Главной сюжетной связкой между фильмом и его литературным первоисточником – историей о старике крестьянине Горче, который наказал сыновьям вбить ему в сердце осиновый кол, если он вернется из военного похода позже назначенного срока, – был этот самый осиновый кол, зловеще плывший у Юфита, подобно огромному карандашу, в темных водах порожистой речки.

Но некрореализм в стандартном прокатном формате под официальной эмблемой «Ленфильма» вовсе не умер, как посчитал Добротворский. Скорее стал самим собой – явлением в кинопространстве глубоко маргинальным, однако цельным и самодостаточным. Он утратил лишь свою прямую перестроечную злободневность. Всласть натешившись в узкопленочных гротесковых миниатюрах над набившими оскомину героическими советскими шаблонами, Юфит открылся в своей глубинной устремленности. Но вовсе не для того, чтобы расстаться с постылой социальной мертвечиной ради возрождения нормальной жизни, восстановления ее в правах. Наоборот, дебютный полный метр главного советского некрореалиста с наглядностью продемонстрировал его желание припасть к неживой, раскрепостившейся в его первом большом фильме некростихии. Она проявилась как единственный и самый надежный источник творческой энергии.

В фильме «Папа, умер Дед Мороз», конечно, еще наблюдались рудименты напористого неподцензурного критицизма эпохи перестройки. О постылых стереотипах советской пропаганды напоминала, к примеру, победная реляция из радиоточки о кротах-вредителях, которые «приносят большой вред стране», а также о чудодейственном препарате Ф-17, созданном в результате «упорного творческого труда» и позволяющего уничтожить до 100 особей в день, не принося вреда полезным сельхозкультурам.

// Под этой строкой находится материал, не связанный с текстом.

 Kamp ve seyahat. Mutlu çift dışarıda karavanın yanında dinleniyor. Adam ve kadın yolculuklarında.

Присутствовали в картине Юфита и пресловутые чиновники-демиурги эпохи застоя – в образе трупообразных пожилых мужчин, в костюмах и галстуках. Эти мужчины о чем-то тревожно, но безуспешно телеграфировали морзянкой в эфир, а потом уничтожали папки с документами и почти как в рейхсканцелярии предпочитали смерть позорному поражению. Один другого поливал из кастрюли то ли бензином, то ли кислотой, то ли и тем и другим сразу[265].

Принципиальная оригинальность фильма «Папа, умер Дед Мороз» (по крайней мере, в рамках ленинградской школы постоттепельного уныния) состояла именно в том, что в этой картине был решительно положен конец прежнему искусному балансированию на зыбкой грани бытия и небытия. В конце перестройки, на пике «нового мышления», картина приоткрыла дверь не в новую, в очередной раз многообещанную жизнь, а в небытие.

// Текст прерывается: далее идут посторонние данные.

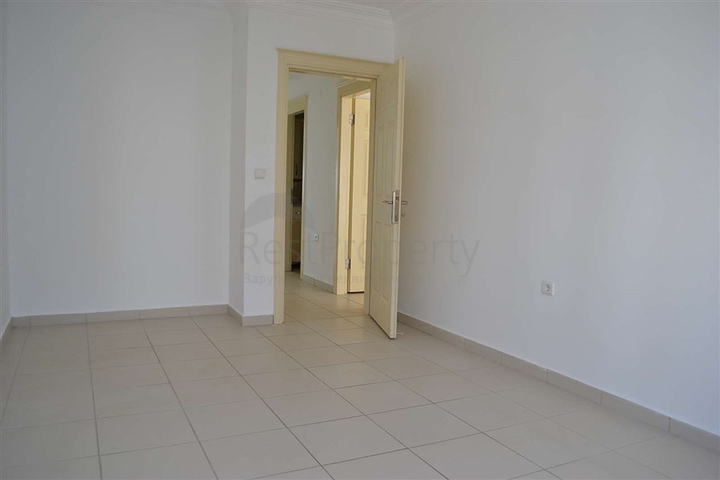 شقة ضمن مجمع سكني مميز في منطقة محمود لار – ألانيا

Герой фильма – писатель, отправившийся в деревню к двоюродному брату «дней на десять», чтобы закончить свой рассказ о мыши-бурозубке. Он покидал вполне узнаваемый мир, где его будил телефонный звонок от кого-то из близких, и перемещался в мир иной. Уже в поезде по соседству сидел типичный трупак (то ли посланец, то ли посланка загробной реальности с черными кругами под глазами), который, глядя в окно, могильным голосом протяжно произносил слово: «Ле-е-ес».

Дебютируя в большом формате, Юфит впервые так жестко обозначил переход границы между повседневностью и некромиром, где действовали уже не его обычные потешные отморозки, оборотни, вепри и прочая лесная и городская нечисть эпохи застоя, а настоящие живые мертвецы. В это окончательно отчеркнутое от обычной жизни пространство и был заброшен герой-писатель, чтобы постепенно превратиться то ли в мертвеца, то ли в убийцу мертвецов. Но, с другой стороны, кто же еще может убить мертвеца, если не такой же мертвец?

Юфитовского героя играл артист Анатолий Егоров, который в потертом твидовом пиджаке и старомодных очках был точь-в-точь выходцем из 1960-х – сродни всем оттепельным очкарикам. Сам выбор именно Егорова на роль героя ненавязчиво связывал времена: некровремя по Юфиту и эпоху, когда оттепельные мотивы еще совсем не отзвучали и начинающий артист Егоров сыграл в фильме Игоря Масленникова и Ильи Авербаха по сценарию Натальи Рязанцевой «Личная жизнь Кузяева Валентина» (1967) свою первую кинороль – шебутного парня из «нашего двора».